Alle Phasen haben ihre frohen und elendigen Momente. Die Geschichte und ihre Figuren zu entdecken, zu recherchieren, die Worte niederzuschreiben, den Text zu überarbeiten – sie sind alle gleichermaßen beglückend und ermüdend zugleich. Am meisten Spaß macht es mir vielleicht, wenn ich bei Feierabend auf meine Arbeit zurückblicke und erkenne, dass ich etwas wirklich Erstaunliches zustande bekommen habe – wenn man sich hinsetzt, weil man ein Problem hatte, und dann irgendwann nach dem Mittagessen auf die Lösung stößt… aber dann beginnt natürlich am nächsten Tag alles wieder vorne.

7. Ihre Frau ist Literaturagentin, also nehme ich an, dass Ihr Haus vom Keller bis auf den Dachboden mit Büchern zugestellt ist. Lesen Ihre Kinder gerne?
Wir haben in der Tat sehr viele Bücher – viel zu viele! Meine Tochter ist vierzehn und liest momentan Schriftstellerinnen wie Celeste Ng und Karen Russell, das ist eine schöne Entwicklung. Mein fünfjähriges Kind mag alles über das All und über Roboter.

8. Ihr neuer Roman Die Nickel Boys ist eine Geschichte über Gewalt, kontinuierlichem Missbrauch und absoluter Ungerechtigkeit und lehnt an die schrecklichen Ereignisse an, die sich an der realen Dozier School for Boys in Florida zutrugen. Über 100 Jungen starben dort – vor allem schwarze Jungen. Als Leser denke ich immer daran, wie schwierig es sein muss, in solch Horror tief einzutauchen; können Sie all das von ihrem Privatleben trennen?
Es fiel mir schwer, Die Nickel Boys nach Underground Railroad zu schreiben. Normalerweise schreibe ich witzreichere Bücher. Die letzten sechs Wochen, in denen ich an Die Nickel Boys saß, waren sehr kräftezehrend – es galt, das tragische Gerüst der Geschichte auch umzusetzen. Als ich fertig war, sah ich im Grunde sechs Wochen lang nur fern, spielte Videospiele und starrte ins Leere… und dann begab ich mich zurück an meine Arbeit und überarbeite den Text. Aber ja, es war manchmal sehr zermürbend.
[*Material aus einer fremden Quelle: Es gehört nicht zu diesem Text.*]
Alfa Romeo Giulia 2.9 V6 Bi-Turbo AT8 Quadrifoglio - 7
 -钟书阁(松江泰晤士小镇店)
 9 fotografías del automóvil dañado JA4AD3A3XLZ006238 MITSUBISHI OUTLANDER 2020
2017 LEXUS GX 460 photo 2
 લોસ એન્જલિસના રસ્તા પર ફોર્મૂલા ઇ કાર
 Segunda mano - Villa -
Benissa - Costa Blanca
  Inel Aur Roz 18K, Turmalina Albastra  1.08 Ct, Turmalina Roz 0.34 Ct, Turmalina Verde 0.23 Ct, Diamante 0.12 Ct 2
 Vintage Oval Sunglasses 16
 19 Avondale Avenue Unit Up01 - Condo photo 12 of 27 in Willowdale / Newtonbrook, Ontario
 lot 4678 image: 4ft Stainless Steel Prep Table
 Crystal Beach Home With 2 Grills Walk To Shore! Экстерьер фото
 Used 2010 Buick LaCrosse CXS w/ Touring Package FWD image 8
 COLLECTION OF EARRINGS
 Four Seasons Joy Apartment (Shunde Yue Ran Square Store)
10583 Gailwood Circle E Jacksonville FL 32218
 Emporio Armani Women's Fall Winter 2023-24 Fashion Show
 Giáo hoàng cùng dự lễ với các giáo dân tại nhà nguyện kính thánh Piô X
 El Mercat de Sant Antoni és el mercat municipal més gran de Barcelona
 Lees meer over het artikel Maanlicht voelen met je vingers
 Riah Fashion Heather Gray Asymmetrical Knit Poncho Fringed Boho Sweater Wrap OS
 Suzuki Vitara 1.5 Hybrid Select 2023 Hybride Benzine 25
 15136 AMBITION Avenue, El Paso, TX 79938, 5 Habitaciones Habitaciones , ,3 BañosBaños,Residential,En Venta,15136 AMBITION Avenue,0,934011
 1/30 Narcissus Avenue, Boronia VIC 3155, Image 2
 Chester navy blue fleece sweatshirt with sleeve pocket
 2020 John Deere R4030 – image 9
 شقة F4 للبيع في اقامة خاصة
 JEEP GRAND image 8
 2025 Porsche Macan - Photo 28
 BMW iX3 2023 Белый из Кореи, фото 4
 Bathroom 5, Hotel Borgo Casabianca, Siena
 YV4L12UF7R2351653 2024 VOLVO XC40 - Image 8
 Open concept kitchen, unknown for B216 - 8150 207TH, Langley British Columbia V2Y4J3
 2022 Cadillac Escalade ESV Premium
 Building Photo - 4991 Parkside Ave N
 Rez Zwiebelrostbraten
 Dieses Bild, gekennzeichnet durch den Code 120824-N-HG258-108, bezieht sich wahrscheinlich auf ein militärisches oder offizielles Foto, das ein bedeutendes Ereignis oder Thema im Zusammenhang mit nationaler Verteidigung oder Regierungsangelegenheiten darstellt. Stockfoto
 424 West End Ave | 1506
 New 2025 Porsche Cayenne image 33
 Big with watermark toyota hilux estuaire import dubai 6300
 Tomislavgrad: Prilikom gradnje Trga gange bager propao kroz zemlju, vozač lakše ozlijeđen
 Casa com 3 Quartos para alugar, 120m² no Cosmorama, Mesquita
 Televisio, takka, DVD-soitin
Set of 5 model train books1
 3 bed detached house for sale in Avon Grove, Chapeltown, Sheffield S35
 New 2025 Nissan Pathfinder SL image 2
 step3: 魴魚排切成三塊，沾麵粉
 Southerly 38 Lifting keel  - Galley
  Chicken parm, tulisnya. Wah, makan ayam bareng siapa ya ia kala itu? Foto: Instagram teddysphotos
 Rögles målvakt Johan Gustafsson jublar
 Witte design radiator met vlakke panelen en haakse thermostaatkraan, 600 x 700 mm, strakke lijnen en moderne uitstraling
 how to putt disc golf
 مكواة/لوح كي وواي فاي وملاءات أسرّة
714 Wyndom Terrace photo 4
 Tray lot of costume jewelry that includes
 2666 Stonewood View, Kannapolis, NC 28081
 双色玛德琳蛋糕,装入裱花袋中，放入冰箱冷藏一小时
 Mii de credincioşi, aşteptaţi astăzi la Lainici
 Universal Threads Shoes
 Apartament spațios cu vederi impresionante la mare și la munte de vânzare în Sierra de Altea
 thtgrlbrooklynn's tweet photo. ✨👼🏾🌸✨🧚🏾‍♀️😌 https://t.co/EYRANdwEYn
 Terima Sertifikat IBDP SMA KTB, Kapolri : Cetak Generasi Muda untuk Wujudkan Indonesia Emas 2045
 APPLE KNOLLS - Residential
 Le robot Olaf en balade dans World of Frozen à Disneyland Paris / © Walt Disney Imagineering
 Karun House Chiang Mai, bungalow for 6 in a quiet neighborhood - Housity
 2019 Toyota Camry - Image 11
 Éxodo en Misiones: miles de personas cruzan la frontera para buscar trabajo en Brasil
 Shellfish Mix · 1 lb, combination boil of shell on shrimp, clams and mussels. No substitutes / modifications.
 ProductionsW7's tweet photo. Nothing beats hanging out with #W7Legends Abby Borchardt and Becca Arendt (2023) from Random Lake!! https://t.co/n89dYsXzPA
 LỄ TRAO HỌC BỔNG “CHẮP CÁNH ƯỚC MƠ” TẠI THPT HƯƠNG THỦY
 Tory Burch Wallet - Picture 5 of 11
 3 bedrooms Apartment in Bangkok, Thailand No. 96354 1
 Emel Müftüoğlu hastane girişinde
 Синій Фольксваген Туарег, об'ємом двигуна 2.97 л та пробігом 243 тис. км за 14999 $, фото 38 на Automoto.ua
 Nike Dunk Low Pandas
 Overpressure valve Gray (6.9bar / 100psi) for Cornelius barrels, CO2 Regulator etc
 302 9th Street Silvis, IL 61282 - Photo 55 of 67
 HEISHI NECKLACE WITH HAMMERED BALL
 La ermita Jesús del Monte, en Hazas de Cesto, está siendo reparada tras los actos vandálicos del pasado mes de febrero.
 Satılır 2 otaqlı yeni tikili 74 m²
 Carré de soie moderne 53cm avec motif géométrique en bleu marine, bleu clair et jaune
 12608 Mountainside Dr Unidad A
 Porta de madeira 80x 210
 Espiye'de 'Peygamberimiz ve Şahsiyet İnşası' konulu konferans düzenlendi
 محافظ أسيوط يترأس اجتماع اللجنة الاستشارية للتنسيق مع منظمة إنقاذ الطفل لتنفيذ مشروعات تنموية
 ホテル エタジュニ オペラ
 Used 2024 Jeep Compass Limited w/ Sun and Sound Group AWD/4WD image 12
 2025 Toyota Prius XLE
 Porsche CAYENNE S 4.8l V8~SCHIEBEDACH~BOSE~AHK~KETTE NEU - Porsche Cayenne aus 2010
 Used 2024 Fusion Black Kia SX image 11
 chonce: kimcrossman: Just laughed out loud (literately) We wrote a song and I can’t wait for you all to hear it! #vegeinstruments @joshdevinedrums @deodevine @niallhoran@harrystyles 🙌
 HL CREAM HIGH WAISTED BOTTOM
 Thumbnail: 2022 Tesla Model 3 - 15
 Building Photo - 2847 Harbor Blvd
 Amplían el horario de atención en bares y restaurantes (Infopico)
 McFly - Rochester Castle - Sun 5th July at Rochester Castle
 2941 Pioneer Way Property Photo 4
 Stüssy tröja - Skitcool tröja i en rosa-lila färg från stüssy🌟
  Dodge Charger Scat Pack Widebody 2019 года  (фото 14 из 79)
9. Wahrscheinlich reisen Sie viel mit ihrem neuen Roman – können Sie während dieser Zeit auch schreiben, inspiriert es Sie vielleicht sogar? Oder ziehen Sie die Routine des Alltags vor, um kreativ zu sein?
Ich mag es lieber, für etwa neun Monate Zuhause zu sein, wo ich dann nur an meinem Buch arbeiten muss – aber manchmal spielt das Leben eben anders. Ich musste mit den Nickel Boys lernen, in Zügen, Flugzeugen und im Hotel zu schreiben. Aber es war entweder so oder gar nicht, also hatte ich letztendlich keine wirkliche Wahl.

10. Und zu allerletzt, Frage Nr. 10: Wenn Sie drei Wünsche frei hätten, was würden Sie sich wünschen?
Drei Wünsche… hm… Weltfrieden, ein Krebsheilmittel, und dass ich zurück nach Paris gehen könnte, um diese Hose mit dem Hahnentrittmuster zu kaufen, die ich dort vor sieben Jahren entdeckt habe. Ich bin am nächsten Tag zurück in den Laden gegangen, aber sie war weg. Sie war so cool und seitdem habe ich nie wieder etwas dergleichen gesehen.